The Joint Commission on Accreditation of Healthcare Organizations made its second leap into the public policy arena last week when it released a detailed position paper urging the nation to create effective community emergency-preparedness programs and establish a way to evaluate and hold the programs accountable.
While the JCAHO said it would not adopt a new role in overseeing or accrediting the proposed programs, it still requires hospitals to be in continuous compliance with specific emergency-management standards mandated by its hospital accreditation program.
The position paper does not describe new requirements beyond ones that were established in January 2001 or suggest that any will be forthcoming in the future, said Charlene Hill, a JCAHO spokeswoman. She said the JCAHO began drafting the communitywide emergency-preparedness recommendations last year to gather perspectives, come up with solutions, and improve accountability.
"It's part of the bigger picture of addressing public policy issues that impact hospitals and providers in terms of their ability to meet our general standards," she said.
Mark Ackermann, senior vice president and chief corporate services officer for Saint Vincent Catholic Medical Centers, New York, which received 450 patients in the first hour of the World Trade Center attacks, said the JCAHO's Jan. 2001 preparedness standards better prepared Saint Vincent to respond to the terrorist attacks. "But still in many parts of the country, preparedness is a thought and not an action," said Ackermann, who has spoken to healthcare and public-safety providers in 38 states about emergency preparedness. "We need to work together."

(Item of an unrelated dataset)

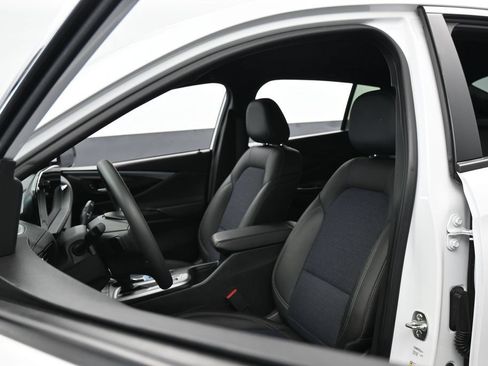 Used 2025 Buick Envista Preferred FWD image 10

Prepared by a 28-member panel of federal and state officials, emergency-care providers and public health and hospital officials, the JCAHO's 48-page call to action outlines broad strategies for devising and sustaining communitywide response systems (See chart).

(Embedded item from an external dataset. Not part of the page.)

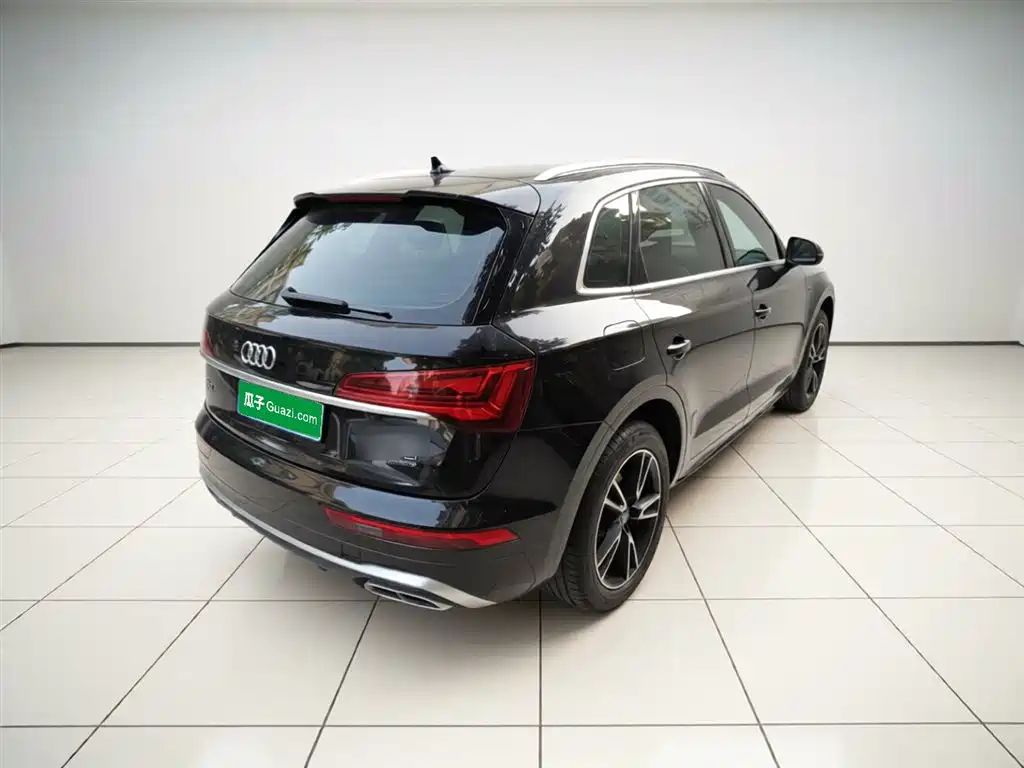 Audi Q5L 2023 40T Fashion Dynamic фото 4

This is not the first time the Oakbrook Terrace, Ill.-based accrediting agency has jumped on a major policy issue. The JCAHO released its first position paper examining the correlation between the nurse-staffing crisis and patient safety in August 2002 (Aug. 12, 2002, p. 20) and is preparing to release another on emergency department overcrowding in the months ahead. Separately, the JCAHO last week announced it is working with the National Committee for Quality Assurance to offer a privacy certification program to help healthcare organizations comply with regulations of the Health Insurance Portability and Accountability Act of 1996. The JCAHO also recently expanded its accreditation services into the growing telemedicine market (March 3, p. 14).

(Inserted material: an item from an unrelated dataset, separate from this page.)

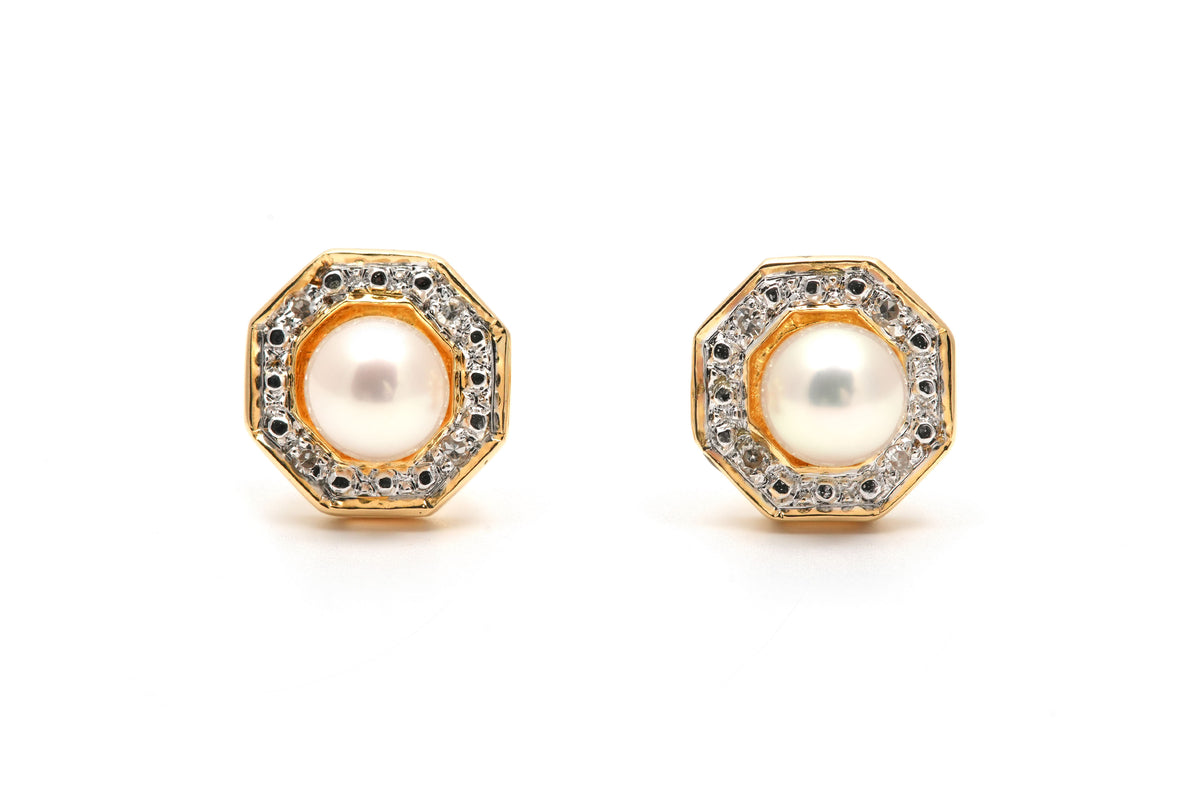 Boucles d'oreilles Puces en or jaune, perles et diamants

"The JCAHO was ahead of the curve and looking at emergency management in communities well before Sept. 11," said Kristi Koenig, a physician and the principle adviser on emergency management to the U.S. Department of Veterans Affairs, Washington. "With this initiative we can improve safety and quality of healthcare to the public."
Among 41 specific recommendations outlined in the preparedness position paper, the JCAHO advises the federal government to encourage a community-focused approach to emergency preparedness rather than an organization-specific approach.
"The reality is that most terrorist attacks will be local ... and there will be a fundamental need for coordinated response," said JCAHO President Dennis O'Leary in a conference call with reporters last week. Public health agencies and hospitals still are underfunded to deal with terrorist threats, and many communities "are waiting for someone to call the meeting," O'Leary said.
"The key players should not meet one another for the first time during a disaster," he said.